── SOURCE DATA ──

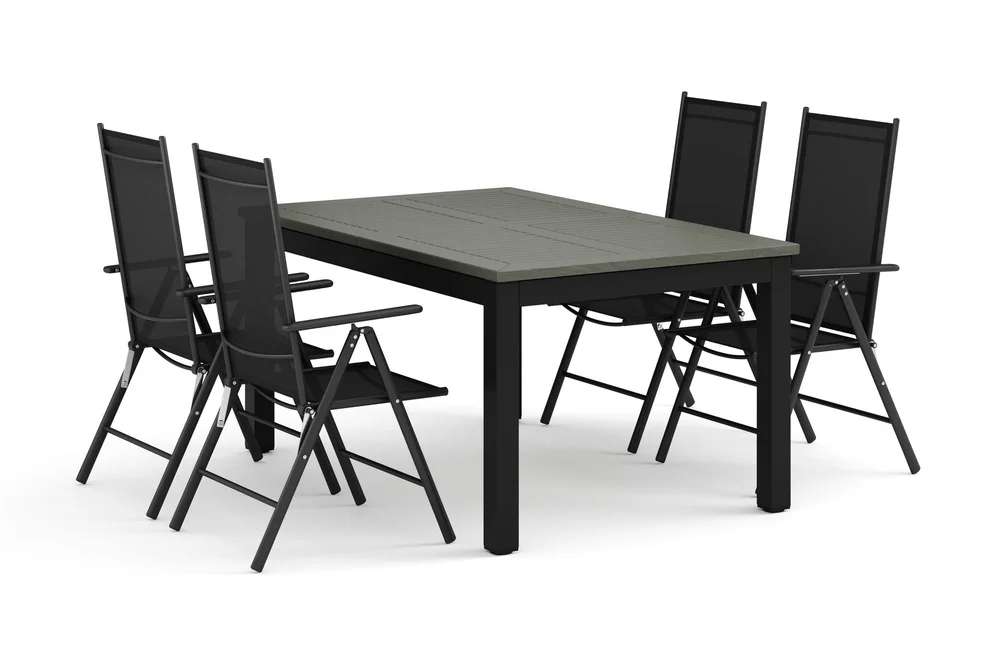 Monaco utendørs spisegruppe, uttrekkbar 150–250x90 med 4 Maggie regulerbare stoler v:8017632
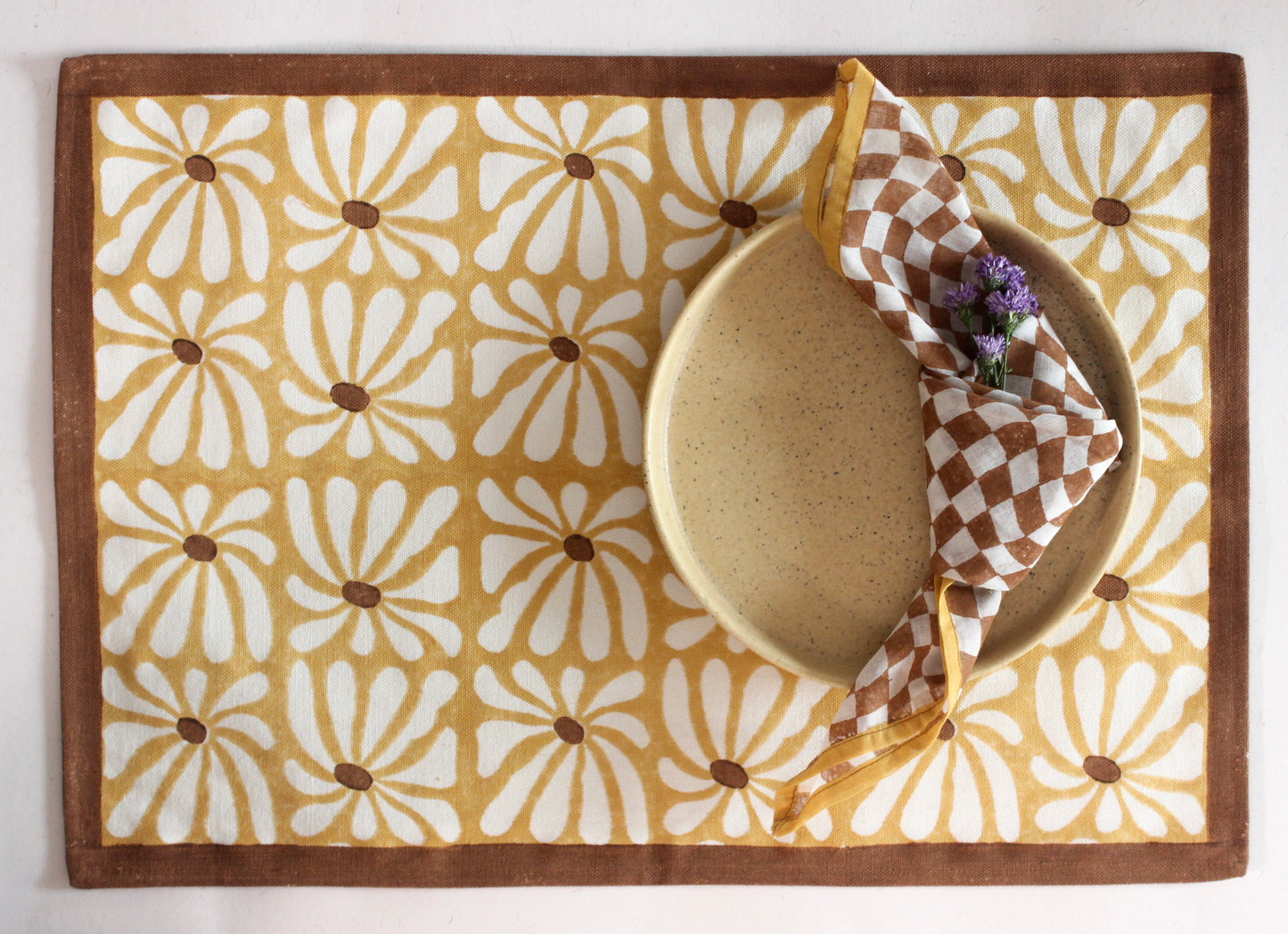 Geometric Flower Placemat & Wavy Grid Napkin | Set of two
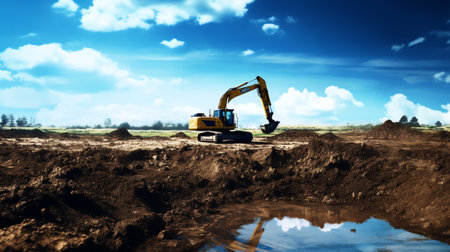 Empty reclamation, compact land and lake or water reservoir, red soil on construction site with blue sky. Land plot for sales and real estate development project concept backgroundの素材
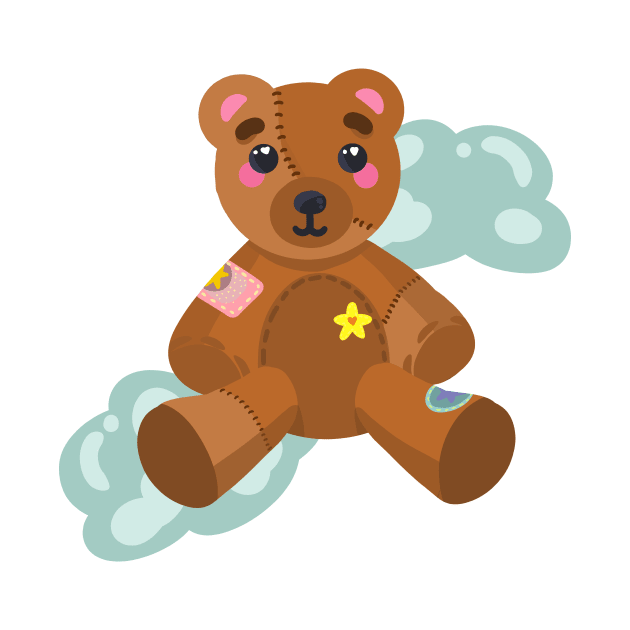 cute little sewed teddybear plushy design by grafitytees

───

WHAT YOU ARE ASKED TO DO
What you hand back should match the listing exactly, except that no pictures appear.

RESPONSE BOX
 Monaco utendørs spisegruppe, uttrekkbar 150–250x90 med 4 Maggie regulerbare stoler v:8017632
 Geometric Flower Placemat & Wavy Grid Napkin | Set of two
 Empty reclamation, compact land and lake or water reservoir, red soil on construction site with blue sky. Land plot for sales and real estate development project concept backgroundの素材
 cute little sewed teddybear plushy design by grafitytees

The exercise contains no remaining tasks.